As many people of color who have lived in Thailand can attest, problematic racial attitudes are commonplace in the country. Black people frequently face discrimination in the workplace and scrutiny from police; many Thais have an aversion to dark skin. In the World Values Survey, which measures attitudes on a variety of issues, twenty-eight per cent of Thai respondents said in 2007 that they would not like to have neighbors of a different race. That compares with less than five per cent who said the same in the U.S., Canada, the U.K., Brazil, and Norway, among other countries.

Thailand is by no means an outlier among Asian countries: the proportion of respondents who said that they wouldn’t like to have neighbors of a different race was lower in China, Taiwan, and Malaysia, but higher in India, South Korea, Vietnam, and Indonesia. But in recent months, a series of controversies over the depiction of skin color has focused attention on racial attitudes in Thailand, in particular. In August, a strange advertising campaign appeared on Bangkok’s mass-transit train system. Posters showed a woman, her face painted black and her lips bright red, holding up a black donut; it was a promotion for a new Dunkin’ Donuts treat. The accompanying television ads, which carried the slogan “Break every rule of deliciousness,” portrayed a light-skinned young woman eating the donut and then turning black.

The ad attracted international criticism. Human Rights Watch labeled the advertisements “bizarre and racist,” and Dunkin’ Brands’ chief communications officer, Karen Raskopf, apologized. But the C.E.O. of the separate Thai franchise, Nadim Salhani, initially called questions about the advertisements “paranoid American thinking.” He told the Associated Press, “It’s absolutely ridiculous. We’re not allowed to use black to promote our doughnuts? I don’t get it. What’s the big fuss? What if the product was white and I painted someone white, would that be racist?” He added, “Not everybody in the world is paranoid about racism.”

More recently, ads for a skin-whitening product, Unilever’s Citra Pearly White UV body lotion, appeared on TV and online, offering a thirty-two-hundred-dollar prize for a university student whose photo of herself, in her school uniform, best showed the lotion’s “product efficacy.” Unilever apologized for any “misunderstandings,” but the contest continued as planned.

Many people in Thailand—and throughout Asia and other regions—take rigorous precautions to protect their skin from the sun, preferring a light complexion that has historically indicated that one doesn’t labor outdoors.
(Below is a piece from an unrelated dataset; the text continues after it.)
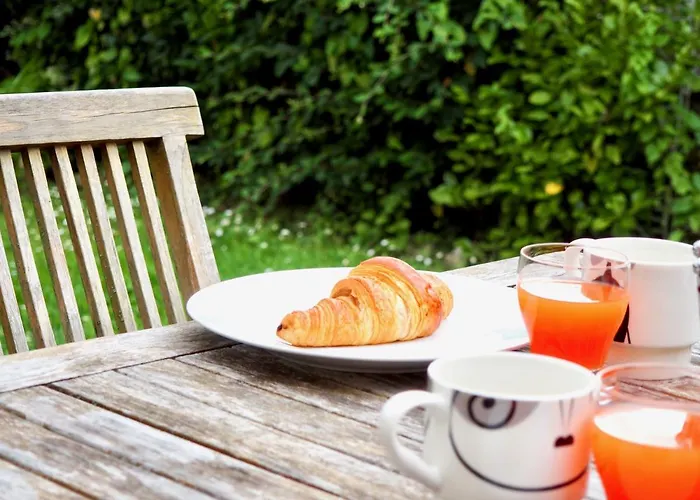 Le Neptune, Avec Parking Et Jardin Proche Universite Daire *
A common perception in Thailand is that those who have lighter skin come from higher social strata, while those with darker complexions hail from the country’s poorer, rural regions. Television advertisements for skin-whitening products are commonplace during daytime soap operas, and billboards for cars and other high-end goods typically feature light-skinned actors. Turner, who now works as a social-media expert, told me that the constant barrage of skin-whitening commercials sends a message that dark skin isn’t acceptable, and that everyone should yearn to be as white as possible.